There is a famous story built up around the robbery of the Mammoth Cave stage in 1880, and it involves a watch that belonged to a Bardstown resident who was a victim in the robbery. Another man was accused and convicted of the stage robbery and served a sentence for the crime, the watch proved years later that Jesse James was the man behind the guns in the famous old time drama of the highwaymen.
Here is the story as it was told to Glasgow's John NELSON many years ago when he was a guide in Mammoth Cave, and the story came from the lips of the man who guided Jessse and Frank James through the cave the day before they held up the stage. The man was the famous Negro guide, William GARVIN, who was the discovered of the Statue of Martha Washington, and many other interesting attractions in the cave. Mr. NELSON was also a guide during the last years of the old Negro's active cave duty and heard the story from his lips many times.
There were fifteen in the party that included the notorious James boys, although the identity of the outlaws was unknown. Two more members of the party were Mr. ROUNTREE of Lebanon, Kentucky, and his very comely young daughter, Lizzie. The party had been together, mingling with each for three days and were taking a long all-day trip through the cave with guide GARVIN before leaving for home the following day. Jesse James had been a constant companion of Miss ROUNTREE and was her escort through the cave on the last trip. When they stopped in Bandit's Hall, at the foot of the Corkscrew, the guide announced that they would have a few minutes rest there in Bandit's Hall.
Someone in the crowd asked the Negro if there had ever been any bandits in the hall, and then Frank James made his little speech.
"Folks," he said, "there's bandits in the hall now. I am Frank James and the gentleman sitting over there with Miss ROUNTREE is my brother, Jesse. We've all been together for three days now; and we will all be leaving for different ways tomorrow and I just thought we ought to be a little better acquainted." With this introduction, the bandit sat down.

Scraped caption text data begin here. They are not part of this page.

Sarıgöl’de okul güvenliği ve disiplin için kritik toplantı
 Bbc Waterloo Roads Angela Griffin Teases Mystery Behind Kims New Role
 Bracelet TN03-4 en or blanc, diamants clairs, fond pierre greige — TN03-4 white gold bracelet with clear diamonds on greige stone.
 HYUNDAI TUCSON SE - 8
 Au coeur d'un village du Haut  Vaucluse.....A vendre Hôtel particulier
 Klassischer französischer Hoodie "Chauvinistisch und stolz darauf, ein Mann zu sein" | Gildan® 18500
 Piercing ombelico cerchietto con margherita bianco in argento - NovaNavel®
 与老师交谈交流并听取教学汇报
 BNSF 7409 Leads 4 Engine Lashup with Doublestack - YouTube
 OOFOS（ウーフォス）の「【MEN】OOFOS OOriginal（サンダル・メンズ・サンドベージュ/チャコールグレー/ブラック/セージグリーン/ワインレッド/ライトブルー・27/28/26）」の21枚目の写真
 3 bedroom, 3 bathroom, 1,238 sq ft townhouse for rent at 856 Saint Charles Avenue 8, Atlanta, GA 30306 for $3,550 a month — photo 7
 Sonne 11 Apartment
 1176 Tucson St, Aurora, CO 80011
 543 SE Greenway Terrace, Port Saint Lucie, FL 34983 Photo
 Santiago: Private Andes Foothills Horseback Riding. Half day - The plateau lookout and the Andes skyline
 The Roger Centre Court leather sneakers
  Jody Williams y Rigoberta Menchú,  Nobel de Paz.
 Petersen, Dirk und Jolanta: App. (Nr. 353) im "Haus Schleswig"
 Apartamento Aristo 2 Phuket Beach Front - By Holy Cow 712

The members of the party thought it was a good joke and shouted, "Hang on to your wallets, we're being held up," and many other such jestful remarks. Howevr, the keen eye of the Negro guide noticed that the faces of the two self-styled bandits registered disapproval at the matter being taken as a joke. From that minute on Garvin belieed they were really the James brothers, but no one else in the party attached any importance to the incident.
The next day, two stages left the cave hotel for Cave City. Two miles from their starting point and one quarter mile from the site where the Home Like Inn stood until torn down years ago, Jesse and Frank James held up the two stage coaches, lining the passengers along the side of each carriage. The bandits relieved each passenger of money, jewlry and departed on horsback toward Cave City.
The James boys stopped at the old Cave City Hotel, when they of course were not recognized, and Frank James put the money and jewelry he had taken from Miss Lissie Rountree into an envelope addressed to her. This he gave to the clerk with the instruction to personally give it to Miss Rountree when the stage arrived.
NOTE: He probably did not leave all her rings, since other accounts state Jesse James' wife was wearing one of the Rountree rings when Jesse was murdered. The name is spelled differently by writer, but most of the family now spell their name ROWNTREE as the old Virginia spelling.